**Work request:** Only the lines below from the one containing "Kate Spade ♠️" to the one containing "Президент РФ Владимир" should be repeated, both included and unchanged.
┌─ Material supplied
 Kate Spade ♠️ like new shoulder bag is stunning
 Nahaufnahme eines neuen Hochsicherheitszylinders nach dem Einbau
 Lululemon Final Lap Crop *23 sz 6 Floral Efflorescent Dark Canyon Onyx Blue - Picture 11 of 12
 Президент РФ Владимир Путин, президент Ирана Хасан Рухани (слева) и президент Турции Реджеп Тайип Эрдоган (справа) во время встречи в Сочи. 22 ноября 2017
└─
┌─ Material supplied
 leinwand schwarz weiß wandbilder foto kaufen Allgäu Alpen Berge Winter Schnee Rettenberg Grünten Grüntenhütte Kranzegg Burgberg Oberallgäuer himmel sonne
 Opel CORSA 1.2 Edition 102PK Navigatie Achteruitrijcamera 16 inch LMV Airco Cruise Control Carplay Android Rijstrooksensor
└─
**Solution to this task:**
 Kate Spade ♠️ like new shoulder bag is stunning
 Nahaufnahme eines neuen Hochsicherheitszylinders nach dem Einbau
 Lululemon Final Lap Crop *23 sz 6 Floral Efflorescent Dark Canyon Onyx Blue - Picture 11 of 12
 Президент РФ Владимир Путин, президент Ирана Хасан Рухани (слева) и президент Турции Реджеп Тайип Эрдоган (справа) во время встречи в Сочи. 22 ноября 2017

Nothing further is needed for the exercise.